= Monica Clare =

Aboriginal political activist and author (1924–1973)

Mona Matilda Clare (13 August 1924 – 13 July 1973) better known as Monica Clare was an Aboriginal Australian political activist and author. She was the first Indigenous woman to publish a novel, though Karobran was published after her death.

==Early life==

Clare was born on 13 August 1924 at Dareel near Goondiwindi in Queensland. She was the daughter of Aboriginal shearer Daniel Herbert McGowan and an English woman, Beatrice Scott. She had one brother Dan. After the death of their mother, the children were sent to Yasmar home for infants at Haberfield and later fostered to siblings Bill and Stella Woodbury at their farm near Spencer on the Hawkesbury River. In 1935 officials separated Monica and Dan, who never saw each other again. Monica was then schooled at Strathfield, and was trained in domestic work. After many years working for Sydney suburban families, Clare was released from being a ward of the state in August 1942. She then worked in factories such as W. D. & H. O. Wills (Australia) Ltd's cigarette factory.

==Career and activism==

Clare became involved in race relations and Labor politics, after meeting the Aboriginal community at Bellwood reserve in north coast of New South Wales.

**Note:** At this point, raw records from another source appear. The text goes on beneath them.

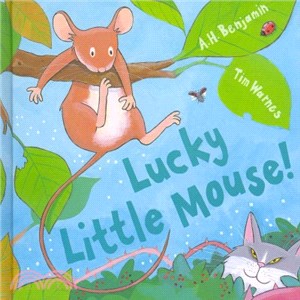 Lucky little mouse! /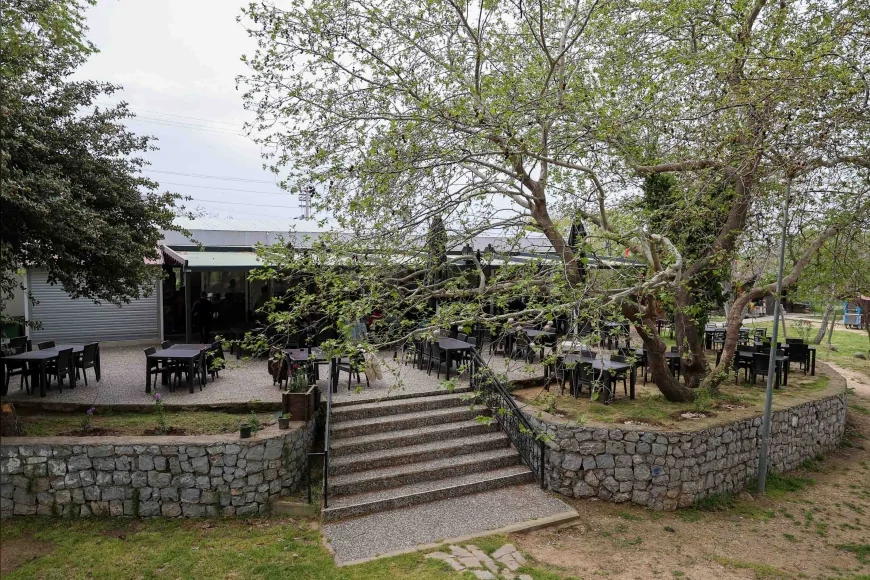 BUCA BELEDİYE BAŞKANI GÖRKEM DUMAN: “DERE KAFE’DE KALİTELİ HİZMETİ UYGUN FİYATLA SUNUYORUZ”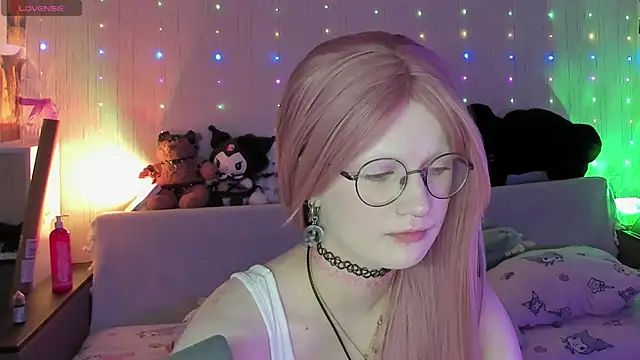 JulietFisher online show from June 6, 1:43 am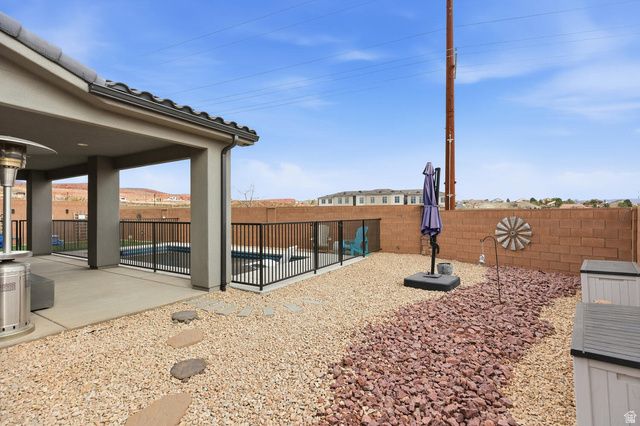 996 N CAMINO AGUA, Washington, UT 84780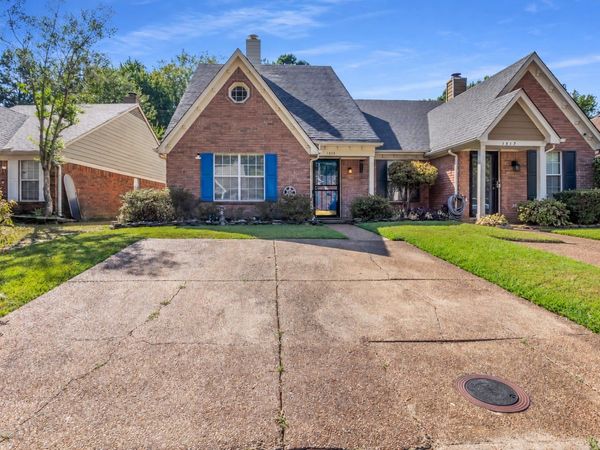 1515 BEAVER TRAIL DR, Memphis, TN 38016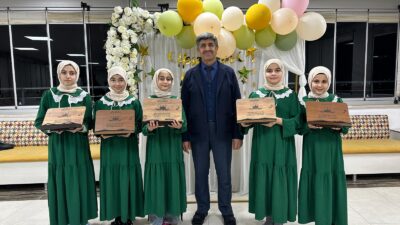 ANAMUR’DA HAFIZLAR İFTAR SOFRASINDA BULUŞTU Mersin’in Anamur ilçesinde hafızlık eğitimi alan öğrenciler, Ramazan ayının manevi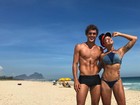 Aline Riscado e Felipe Roque exibem tanquinhos perfeitos em dia de praia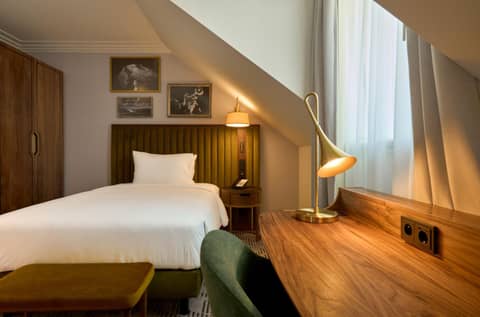 Hotel Saski Krakow Curio Collection by Hilton — photo 9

She worked with Aboriginal families at La Perouse, enrolling them to vote, while working on Daniel Curtin's campaign for the Federal seat of Watson.

Clare married in 1953 and had a daughter, but later divorced. She then married union official Leslie Forsyth Clare on 13 August 1962. Clare joined the women's committees of the union in Wollongong, accompanying Leslie on his travels inspecting the conditions on Aboriginal reserves. Clare then became secretary of the Aboriginal committee of the South Coast Labor Council, lobbying to see improved housing and financial support for Aboriginal people.

Clare died on 13 July 1973 in Sydney.

==Karobran==

Clare wrote an autobiographical novel Karobran. Having attended a creative-writing course at Wollongong, she rewrote the manuscript many times until she was satisfied. It was published posthumously in April 1978.